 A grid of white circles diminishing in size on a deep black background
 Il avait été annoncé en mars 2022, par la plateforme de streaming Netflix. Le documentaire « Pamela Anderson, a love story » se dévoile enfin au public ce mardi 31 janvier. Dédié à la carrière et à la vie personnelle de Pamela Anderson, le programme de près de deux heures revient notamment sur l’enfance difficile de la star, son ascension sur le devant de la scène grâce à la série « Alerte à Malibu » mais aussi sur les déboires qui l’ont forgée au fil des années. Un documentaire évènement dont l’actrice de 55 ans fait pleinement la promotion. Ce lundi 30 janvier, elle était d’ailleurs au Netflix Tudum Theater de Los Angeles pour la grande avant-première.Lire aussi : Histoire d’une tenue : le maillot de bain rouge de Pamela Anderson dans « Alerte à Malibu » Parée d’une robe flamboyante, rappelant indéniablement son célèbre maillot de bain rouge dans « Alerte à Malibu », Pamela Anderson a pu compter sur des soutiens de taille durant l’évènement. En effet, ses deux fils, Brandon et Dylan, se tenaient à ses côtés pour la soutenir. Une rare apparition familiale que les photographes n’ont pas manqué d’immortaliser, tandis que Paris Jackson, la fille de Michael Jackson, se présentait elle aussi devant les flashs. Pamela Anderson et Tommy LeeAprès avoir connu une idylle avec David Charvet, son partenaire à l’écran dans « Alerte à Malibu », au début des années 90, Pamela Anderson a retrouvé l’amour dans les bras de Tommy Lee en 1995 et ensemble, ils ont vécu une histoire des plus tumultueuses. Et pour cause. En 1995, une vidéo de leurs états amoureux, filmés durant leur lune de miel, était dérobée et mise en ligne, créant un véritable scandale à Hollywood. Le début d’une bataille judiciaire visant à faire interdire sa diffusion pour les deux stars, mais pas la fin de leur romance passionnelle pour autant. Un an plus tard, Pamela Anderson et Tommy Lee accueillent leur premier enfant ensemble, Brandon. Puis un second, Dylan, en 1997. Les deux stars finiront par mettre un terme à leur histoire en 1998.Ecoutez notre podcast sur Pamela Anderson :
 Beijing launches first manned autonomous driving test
...
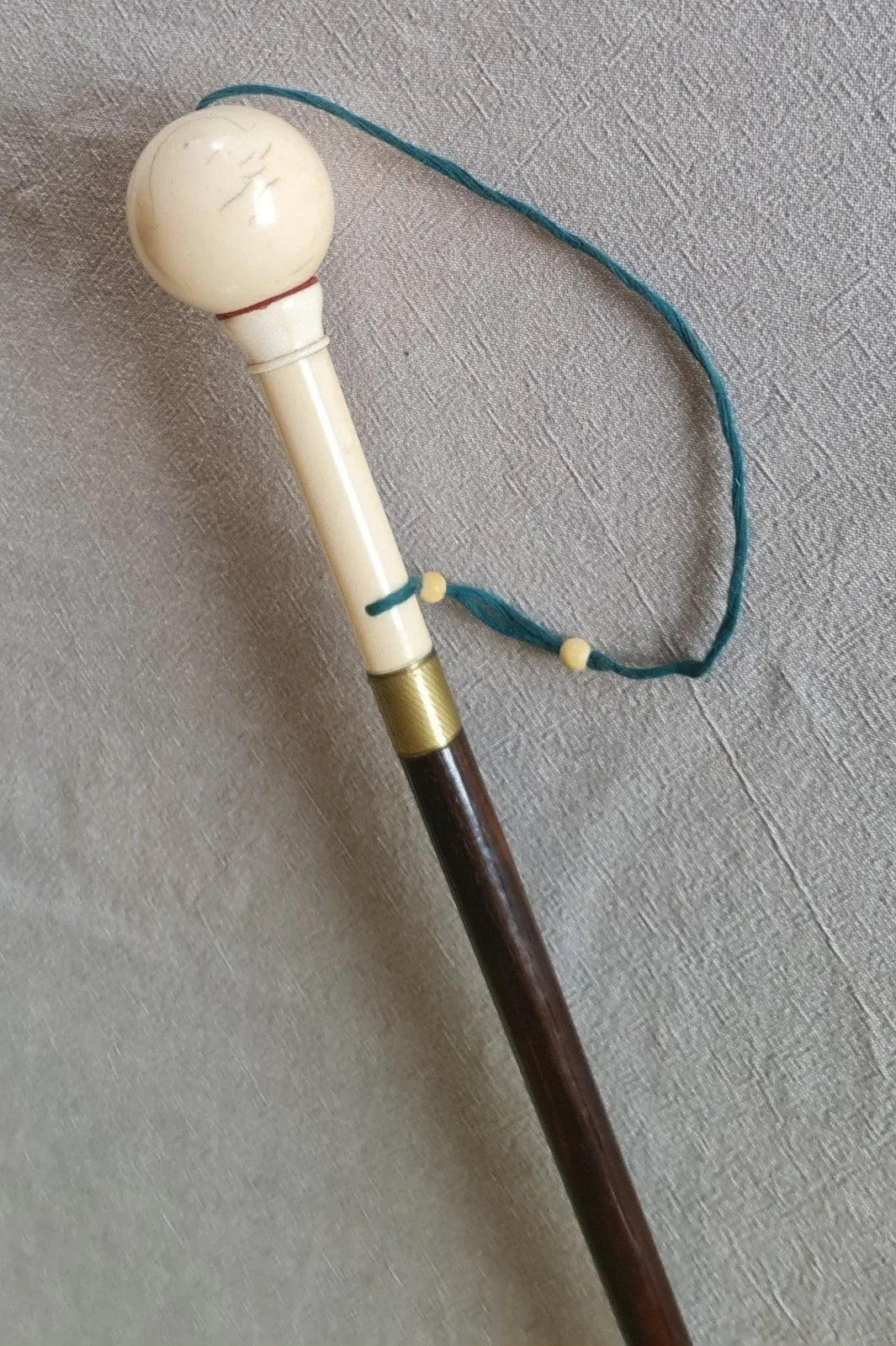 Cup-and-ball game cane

PROBLEM STATEMENT:
Take the records above and return, word for word, only the lines that fall from the line with "Il avait été" to the line with "Beijing launches first", both of them included.

SOLUTION FOR THIS TASK:
 Il avait été annoncé en mars 2022, par la plateforme de streaming Netflix. Le documentaire « Pamela Anderson, a love story » se dévoile enfin au public ce mardi 31 janvier. Dédié à la carrière et à la vie personnelle de Pamela Anderson, le programme de près de deux heures revient notamment sur l’enfance difficile de la star, son ascension sur le devant de la scène grâce à la série « Alerte à Malibu » mais aussi sur les déboires qui l’ont forgée au fil des années. Un documentaire évènement dont l’actrice de 55 ans fait pleinement la promotion. Ce lundi 30 janvier, elle était d’ailleurs au Netflix Tudum Theater de Los Angeles pour la grande avant-première.Lire aussi : Histoire d’une tenue : le maillot de bain rouge de Pamela Anderson dans « Alerte à Malibu » Parée d’une robe flamboyante, rappelant indéniablement son célèbre maillot de bain rouge dans « Alerte à Malibu », Pamela Anderson a pu compter sur des soutiens de taille durant l’évènement. En effet, ses deux fils, Brandon et Dylan, se tenaient à ses côtés pour la soutenir. Une rare apparition familiale que les photographes n’ont pas manqué d’immortaliser, tandis que Paris Jackson, la fille de Michael Jackson, se présentait elle aussi devant les flashs. Pamela Anderson et Tommy LeeAprès avoir connu une idylle avec David Charvet, son partenaire à l’écran dans « Alerte à Malibu », au début des années 90, Pamela Anderson a retrouvé l’amour dans les bras de Tommy Lee en 1995 et ensemble, ils ont vécu une histoire des plus tumultueuses. Et pour cause. En 1995, une vidéo de leurs états amoureux, filmés durant leur lune de miel, était dérobée et mise en ligne, créant un véritable scandale à Hollywood. Le début d’une bataille judiciaire visant à faire interdire sa diffusion pour les deux stars, mais pas la fin de leur romance passionnelle pour autant. Un an plus tard, Pamela Anderson et Tommy Lee accueillent leur premier enfant ensemble, Brandon. Puis un second, Dylan, en 1997. Les deux stars finiront par mettre un terme à leur histoire en 1998.Ecoutez notre podcast sur Pamela Anderson :
 Beijing launches first manned autonomous driving test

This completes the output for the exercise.